10. The words 'to make money' hold the essence of human morality.

I don't know what your feelings are about it, but before 2008 I never have realized that there exists something like "financial markets".
-
Of course, I knew about the stock exchange, but that governments depend on how financial markets respond? No, that was really new to me.
-
It all looks so innocent and understandable. Let's quote Wikipedia:
"A financial market is a market in which people and entities can trade financial securities, commodities,
-
and other fungible items of value at low transaction costs and at prices that reflect supply and demand.
-
Securities include stocks and bonds, and commodities include precious metals or agricultural goods.
-
There are both general markets (where many commodities are traded) and specialized markets (where only one commodity is traded).
-
Markets work by placing many interested buyers and sellers, including households, firms, and government agencies, in one "place", thus making it easier for them to find each other.
-
An economy which relies primarily on interactions between buyers and sellers to allocate resources is known as a market economy in contrast either to a command economy or to a non-market economy such as a gift economy.
-
In finance, financial markets facilitate:
- The raising of capital (in the capital markets)
- The transfer of risk (in the derivatives markets)
-
In economics, typically, the term market means the aggregate of possible buyers and sellers of a certain good or service and the transactions between them.
-
During the 1980s and 1990s, a major growth sector in financial markets is the trade in so called derivative products, or derivatives for short."
- end quote -
-
It is simple as that. All is just interaction between buyers and sellers. That is what most economists like to believe, but philosophers and psychologist question fundamentally.
-
In a previous lecture Longstep brought to my attention the following documentary:
http://videos.arte.tv/fr/videos/la-grande-pompe-a-phynances--6965918.html
(unfortunately only in French and German). There is also a part two.
-
The story of the documentary is pretty scary. It is hard to believe, that we are dealing with human beings controlling the financial world.
-
It just looks like a small oligargy of financial hotshots that try to control our world. Their motivation? That is the most scary part: making more money….
-
This in combination with the simplistic anthropology of many economists, who believe to live in a world of buyers and sellers,

this leads to the famous speech on money by Francisco d"Anconia in Ayn Rand's "Atlas Shrugged". (Part Two, Chapter II, The Aristocracy of Pull)

- quote -
"If you ask me to name the proudest distinction of Americans, I would choose—because it contains all the others—the fact that they were the people who created the phrase 'to make money.'

No other language or nation had ever used these words before; men had always thought of wealth as a static quantity—to be seized, begged, inherited, shared, looted or obtained as a favor.

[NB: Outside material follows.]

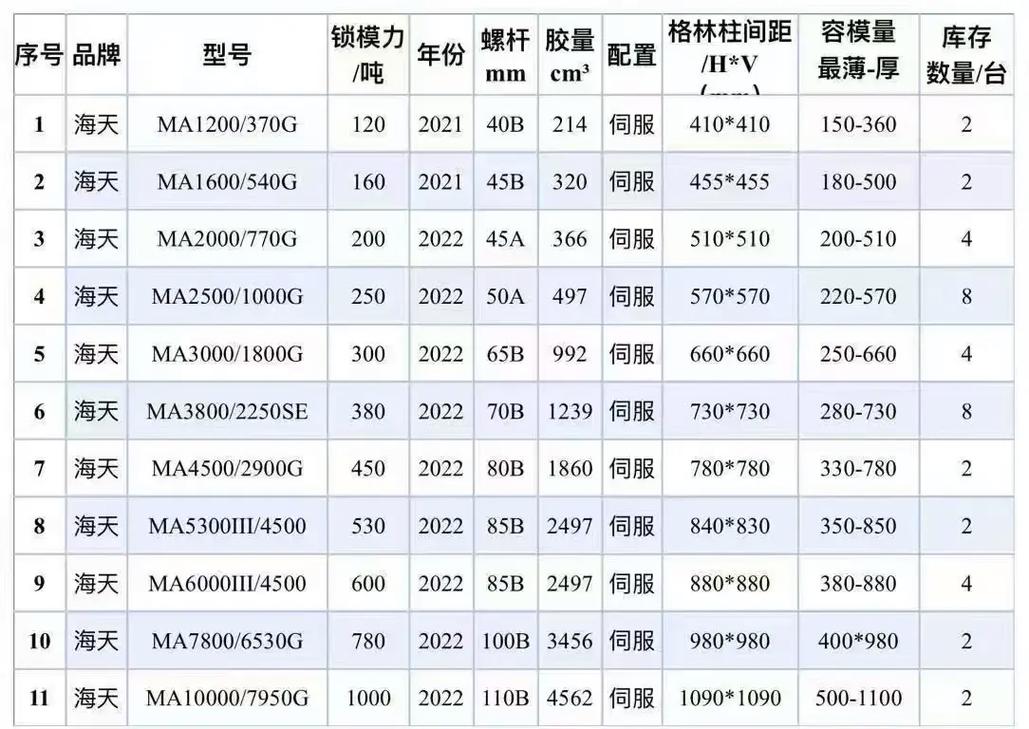 船舶吨位与功率如何对应?-图3 船舶吨位与功率如何对应?-图3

Americans were the first to understand that wealth has to be created. The words 'to make money' hold the essence of human morality.
-end quote -

And with this (American) morality we are dealing now and keep our conviction that the essence of morality is something quite different.

Dr. Vandana Shiva from India, held a lecture at Portland Community College in Portland, Oregon, USA on February 24th, 2011.

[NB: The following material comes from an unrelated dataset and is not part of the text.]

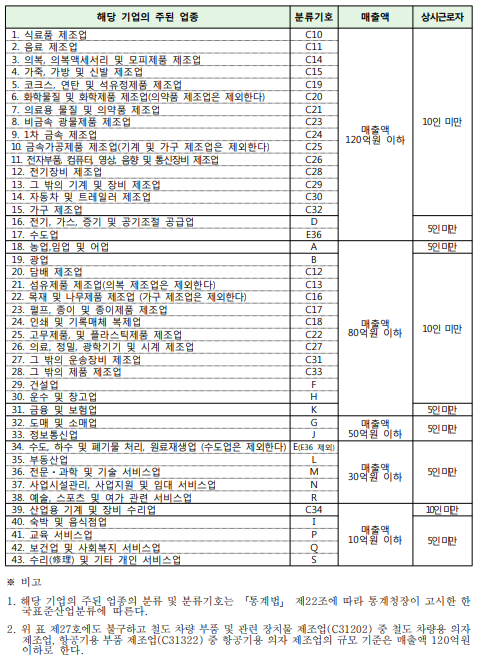 특별재난지역 소상공인 전기료 50% 감면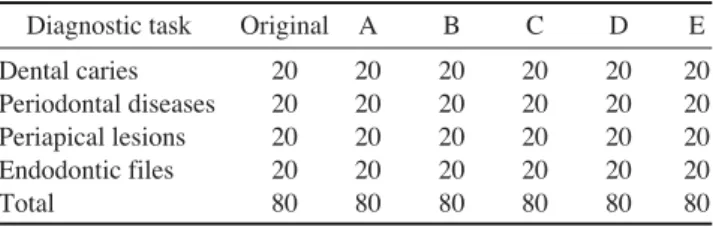 Table 1. Classification and number of images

Lizzy brought her to my attention and a quote from her lecture, I think, is a perfect addition to this lecture:

-quote-
"Democracy in the present context is dead because originally it was of the people by the people and for the people.

Although millions of people say "no war" all governments of the rich nations send soldiers to Iraq and Afganistan.

Across the world people say "stop the banks from stealing our money" ... and the governments do nothing apart from saving the banks and let them be even more valuable than the people.

When corporations start to influence political decisions and lobbyists substitute the people then it is a government of the corporations by the corporations and the people are totally disposable.

This is what threatens democracy and why democracy has to be invented new".
http://www.youtube.com/watch?v=UOfM7QD7-kk

My only criticism here is, that corporations and governments are still just individual human beings. In other words, it still is about the individual ethics of an individual being that makes this world.

 

 

 

 

11. Slow assassination of moral values

Last night I was watching the movie "Basic Instinct" with Michael Douglas and Sharon Stone and observed the following scene.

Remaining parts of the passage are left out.